__YOUR ASSIGNMENT__:
Please set down every entry again exactly as it stands, without the pictures.

*** Opening DATA SHOWN ***

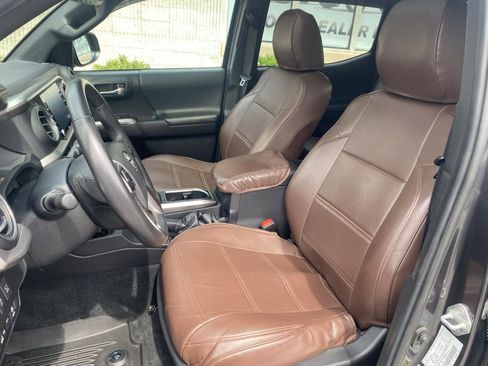 Used 2021 Toyota Tacoma Limited w/ Nightshade Package AWD/4WD image 17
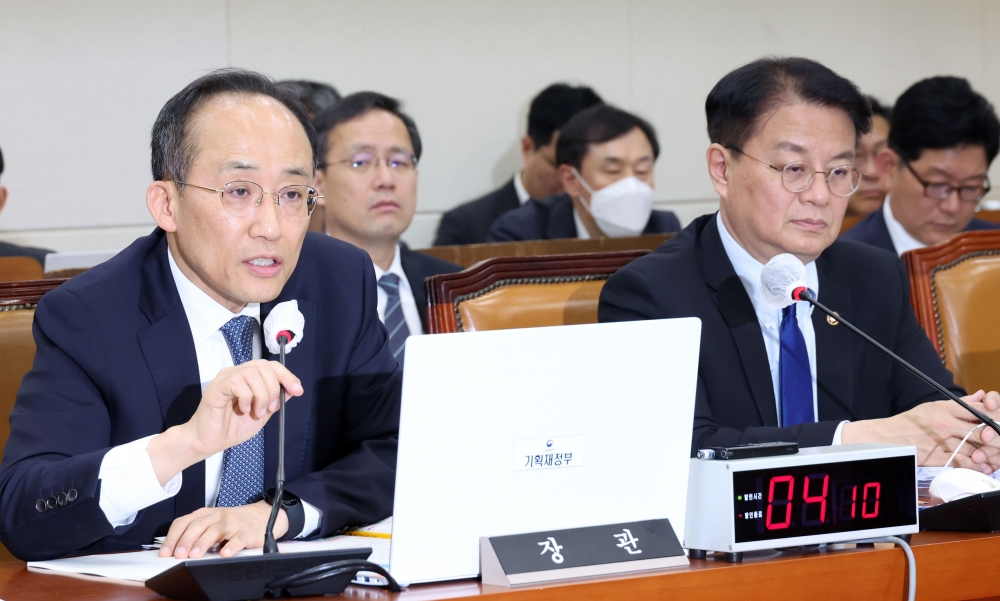 ▲추경호 부총리 겸 기획재정부 장관이 17일 서울 여의도 국회에서 열린 기획재정위원회 전체회의에서 의원들의 질의에 답하고 있다. (고이란 기자 photoeran@)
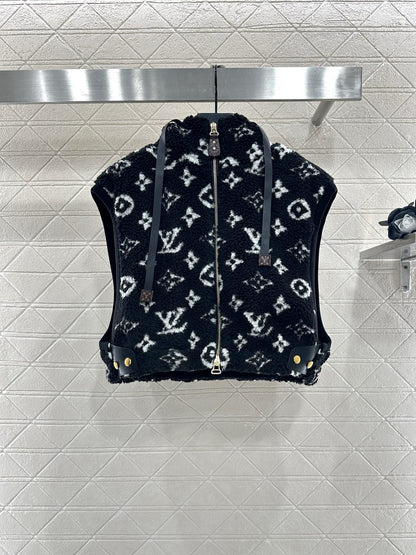 25fw Hooded Teddy Plush Camry Vest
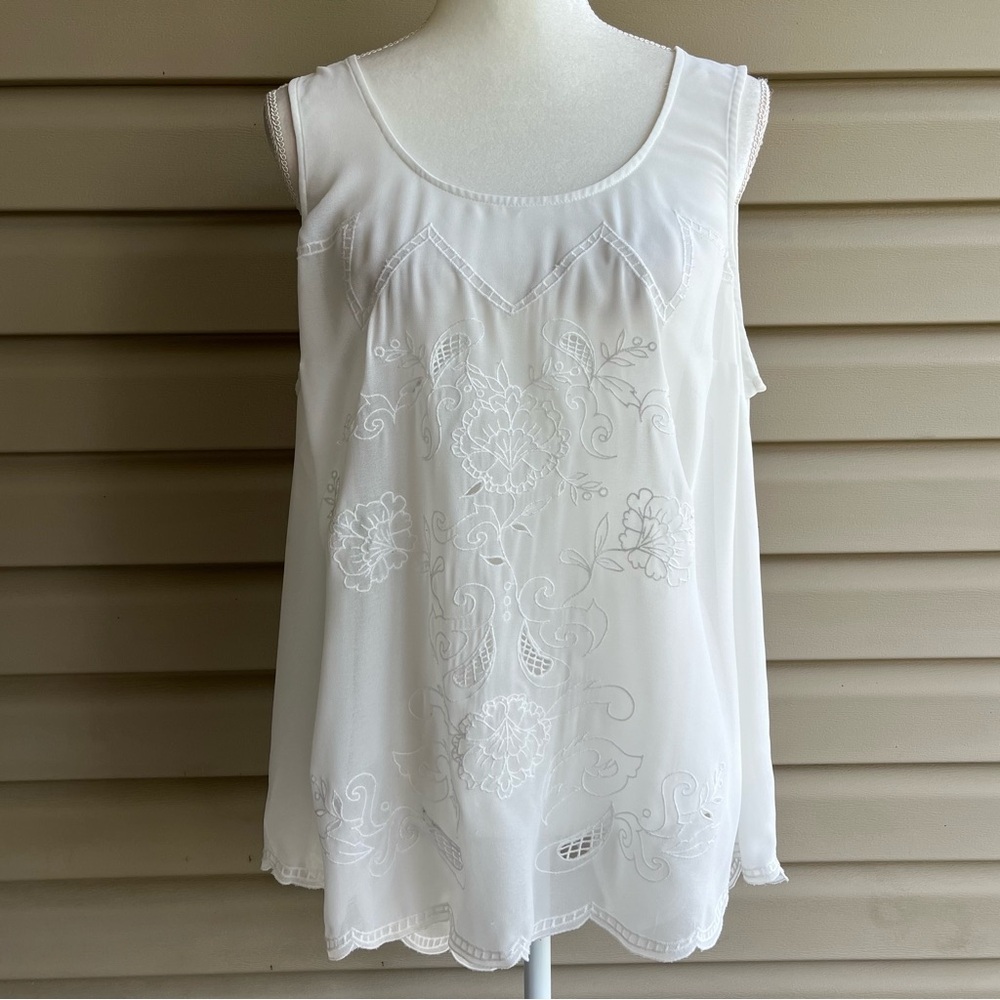 torrid White Embroidered Sleeveless Blouse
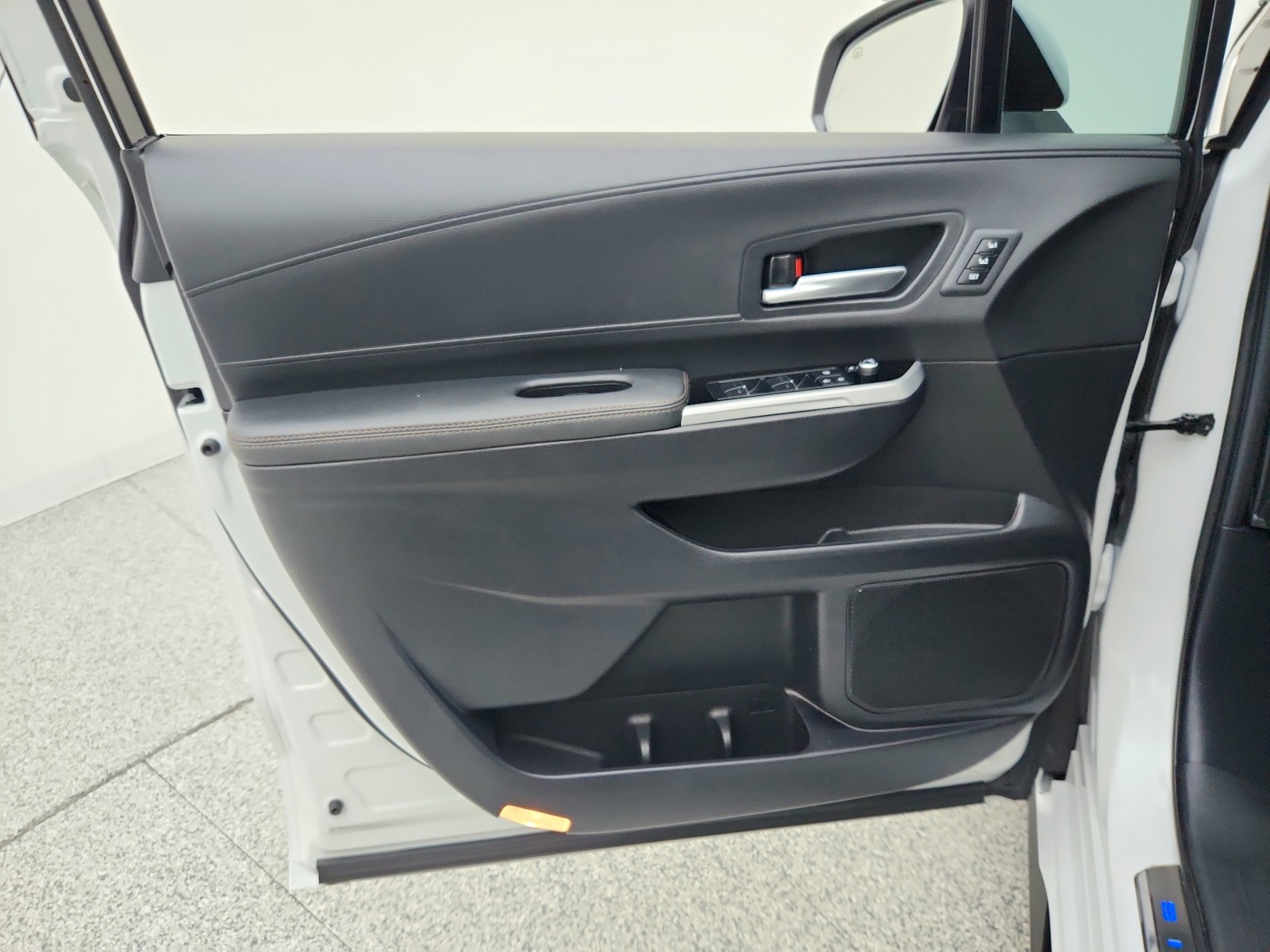 Used 2025 WINDCHILL PEARL Toyota Rear-Entry handicap Conversions 5 PASSENGER image 26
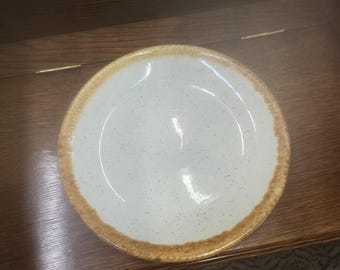 McCoy Pottery, Graystone, talerz obiadowy o średnicy 10,40 cala, podniesiony brzeg, brązowo-złoty, wyprodukowano w USA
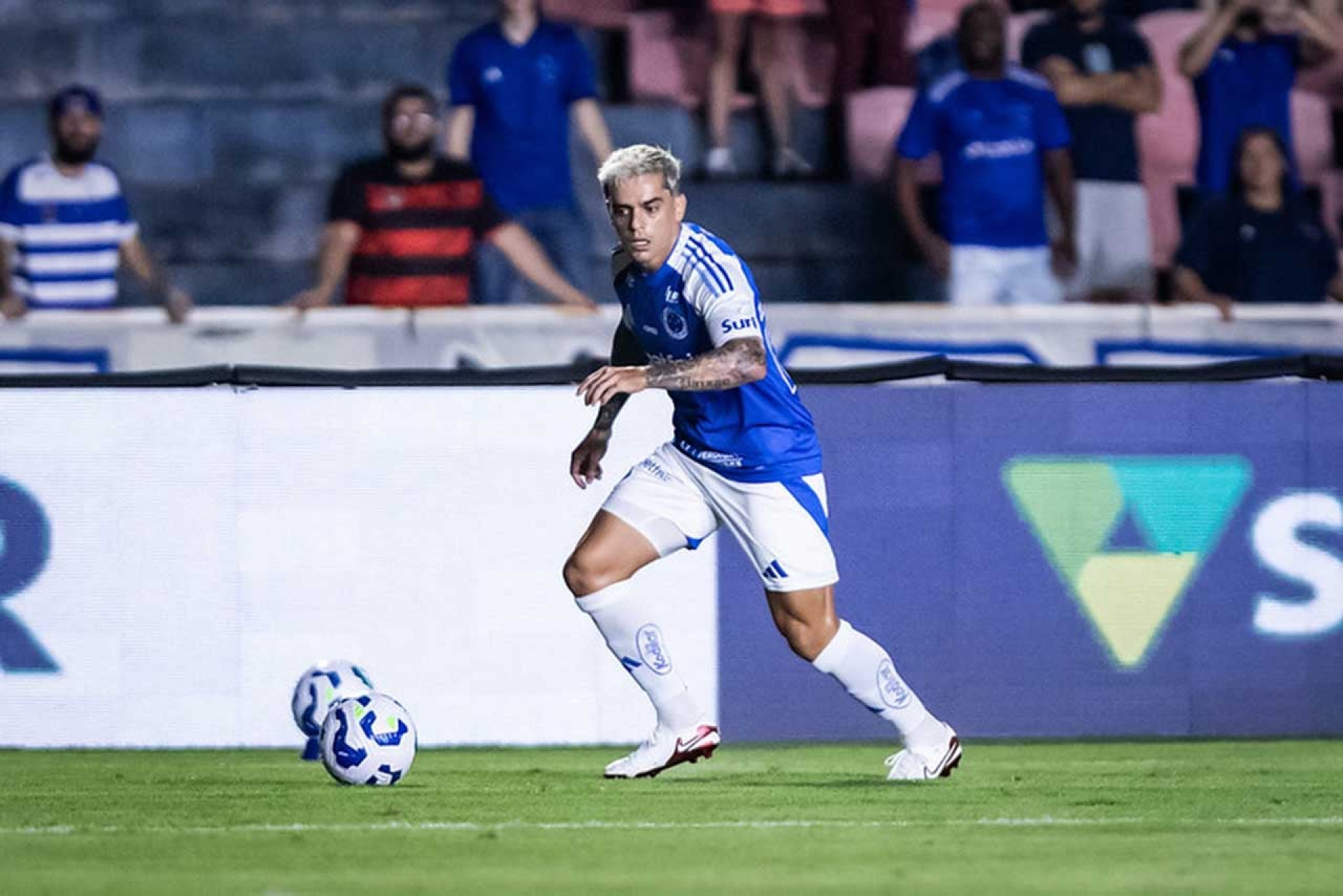 Fagner acerta sa&iacute;da do Corinthians e se aproxima de perman&ecirc;ncia no Cruzeiro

*** Closing DATA SHOWN ***

__RESPONSE TO THE TASK__:
 Used 2021 Toyota Tacoma Limited w/ Nightshade Package AWD/4WD image 17
 ▲추경호 부총리 겸 기획재정부 장관이 17일 서울 여의도 국회에서 열린 기획재정위원회 전체회의에서 의원들의 질의에 답하고 있다. (고이란 기자 photoeran@)
 25fw Hooded Teddy Plush Camry Vest
 torrid White Embroidered Sleeveless Blouse
 Used 2025 WINDCHILL PEARL Toyota Rear-Entry handicap Conversions 5 PASSENGER image 26
 McCoy Pottery, Graystone, talerz obiadowy o średnicy 10,40 cala, podniesiony brzeg, brązowo-złoty, wyprodukowano w USA
 Fagner acerta sa&iacute;da do Corinthians e se aproxima de perman&ecirc;ncia no Cruzeiro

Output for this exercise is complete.